El Govern i el topless

Esta semana, mira por dónde, se celebraba el día mundial del topless. Hay días para todo. Como el gobierno de la Generalitat que tiene una consejería de Igualdad y Feminismos y no va sobrada de trabajo, ha creído conveniente aprovecharlo para aleccionarnos y hacer una campaña publicitaria en la que estimula a la práctica del topless en nombre de superar la discriminación de género al respecto. Se ve que una asociación de nombre tan elocuente como el de Pezones Libres, ha sido la inductora de una campaña donde, qué curiosidad, en la parte gráfica se muestra el pezón de un hombre y no aparece ninguna mujer. Que yo sepa, la práctica del toples no sólo no está prohibida, sino que se practica con toda normalidad por aquellas personas que les apetece y se sienten cómodas. No veo ni siento ninguna reacción airada de nadie que se sienta ofendido por tal cosa. Normalidad. Quien quiere lo hace, pero nadie está obligado a hacerlo. Aceptación y tolerancia por parte de todos. Los tiempos del blanco y negro de gente puritana y falsamente beata que reaccionaban estremecidos ante unos senos femeninos al descubierto hace mucho tiempo que han pasado a la historia. Afortunadamente. ¿Qué sentido tiene esta campaña, entonces?

Ciertamente realiza una función de sustitución de ocuparse de los problemas reales, de distracción. A medida que los gobiernos, todos, han ido quedando incapacitados para actuar sobre problemas estructurales, suelen actuar en terrenos simbólicos como vía para conformar un grupo de afinidad. Ya hace años, existe un progresismo más bien de postureo que de realidad al que le encanta librar batallas culturales en lugar de cambiar el contexto en el que nos vemos obligados a desarrollar nuestras vidas. Existe una desigualdad creciente que arruina el concepto de sociedad, sus lazos y sus solidaridades. Hay una cada vez más precarización en el mundo del trabajo, más gente excluida y pobre. Tenemos problemas por falta de viviendas asequibles y las situaciones de pobreza aumentan, mientras hemos medio desguazado el Estado de bienestar. Podemos continuar. Tenemos el calentamiento global, el cambio climático, el envejecimiento de la población, la sobrepoblación, la falta de expectativas para los jóvenes, ciudades sucias, una turistificación insoportable en las ciudades… Como ni se sabe ni se tienen muchos instrumentos para actuar frente a los retos de verdad, nos distraemos en temas de valores sobreactuando y pontificando.

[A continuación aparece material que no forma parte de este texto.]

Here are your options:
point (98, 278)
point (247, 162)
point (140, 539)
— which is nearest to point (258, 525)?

Lógicamente, no es que el tema de la igualdad y los feminismos no sea importante. Lo es y mucho, pero tiene que ver con la necesidad de cambios culturales y de mentalidad que, alcanza a la esfera personal y, en todo caso, deberían impregnar toda la obra de un gobierno. No tiene sentido, y en ocasiones se generan reacciones contrarias, cuando se crean departamentos cuya función, creen, es la de ejercer de comisariado. Por la misma regla de tres, debería haber ministerios o departamentos que se ocuparan de la libertad, de la fraternidad, de la empatía o del buen humor. Que sea deseable, que aspiremos a que la sociedad avance hacia estos valores, no implica que sea necesario un departamento de gobierno. Éste, el sentido de su existencia es gestionar y promover políticas públicas. Para la sensibilidad, la espiritualidad o del espíritu cívico como ciudadanos no necesitamos leyes, reglamentos ni declaraciones de buenas intenciones de los gobernantes. Éstos, que se ocupen de mejorar las condiciones materiales de nuestra existencia o, como mínimo, que no las empeoren demasiado. Al menos yo, no encuentro demasiado progresista estimular batallas culturales con la derecha más reaccionaria, que es de hecho lo que se busca con este tipo de campañas. Así, se crea un “nosotros” y un “ellos” que sirve sobre todo para alinear bandos opuestos y cohesionar cultural y políticamente a los “tuyos”. La forma de crear una polaridad que no lleva a ninguna parte más allá de aumentar la crispación. No contribuye al avance de la sociedad y más bien a su retroceso. La derecha extrema, o no tanto, se mofará y levantará el grito en el cielo. Gente que no es reaccionaria, que tiene problemas e incertidumbres que no se le ayuda a resolver y que no es carca, se apuntará. Lo hará porque se ha hartado de tanta impostura.